I’m sure you will be pleased to read that I finally got my car through the MOT. Not without paying the equivalent of more than a month’ rent on repairs though. And the only repair that I was aware that WAS needed was still not done. My car was at the garage for a whole week. I repeatedly had to call them, then they almost lost some important papers needed for the MOT, said they’d call me back but never did. On Sunday (when they are closed), I got a message that my car was ready to be picked up…
Then on the coldest night of the year, we lost power in the house. A fuse blew because there was water in one of the lamp shades (condensation according to the landlord, while we worried it might be the snow from the roof leaking into the house…). It would have been easy enough to restore power – had we known how to work this particular fuse box. But we didn’t and it was 11pm when it happened. So, nobody to ask really (even though our dear neighbours told us afterwards we could have rung them anyway). Instead, we went to bed with lots of extra blankets.
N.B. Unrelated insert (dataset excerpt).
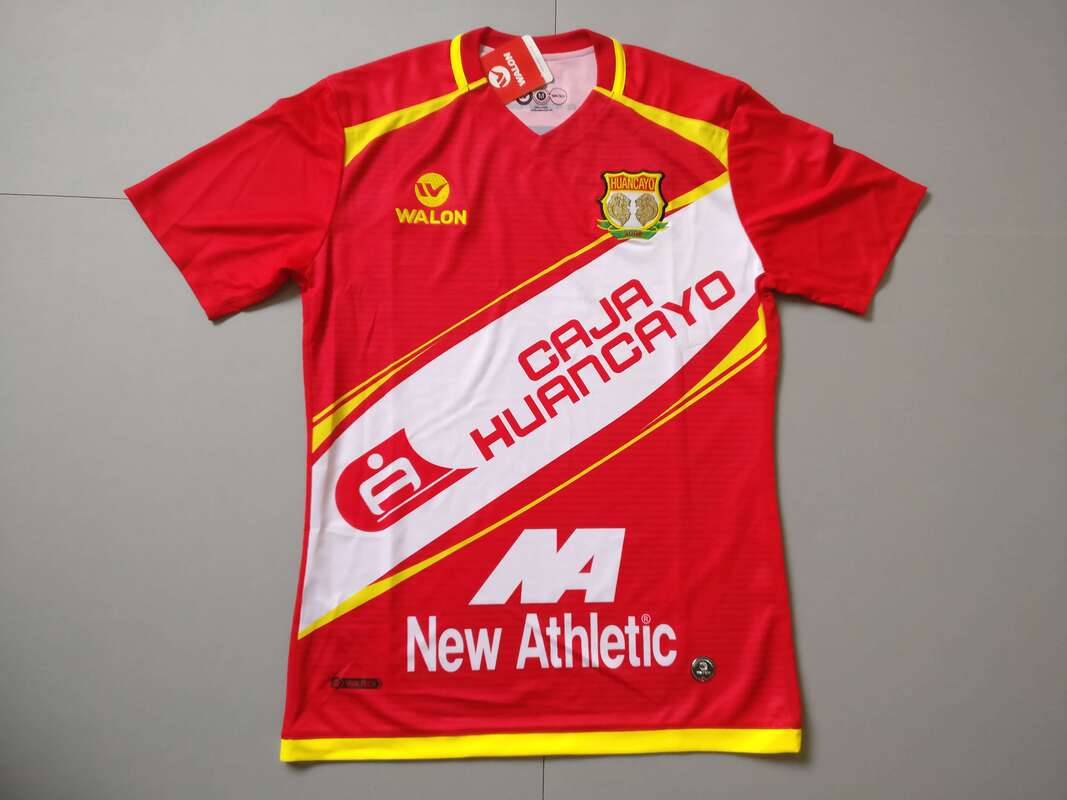 CD Sport Huancayo Home 2018 Football Shirt Manufactured By Walon. The Club Plays Football In Peru.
Furthermore, lockdown is Germany got extended till 7th March, while primary schools reopened this week. There’s a lot of warning of the mutations going on and we are told to expect what happened in the UK just a month or so ago. So, essentially, we are expecting to be in lockdown till Easter at least. As I said in my last newsletter, the whole situation is starting to get to me. And I found myself asking what else could go wrong.
Then of course I saw the news of Texas being snowed in, power cuts for days with no hot water, no electricity, food shortage etc. And I was complaining about one night?!
The other day I read (and reposted) an instagram post about ways we invalidate our feelings. And reading the list, I had to acknowledge that I tend to engage in most of them. One being that I do what I just did above: compare and scold myself because others are much worse off.
I am all for perspective. And putting my own situation in perspective i.e. comparing it to what others are going through does help me. But let’s take away the guilt and shame. Because it’s a fact that I felt what I felt. I have to admit that I worry about moving from self-compassion to self-pity and into victim mentality. Neither would be helpful to me. And I don’t have any advice on how to avoid that or even how to spot it necessarily. It’s something only you (or I) will know.
My advice though is this: when you feel like screaming, it can help to do exactly that. Scream into a pillow if you are around people you don’t want to scare. Let out the frustration, the anger. Allow yourself to feel the fear. And know: This too shall pass.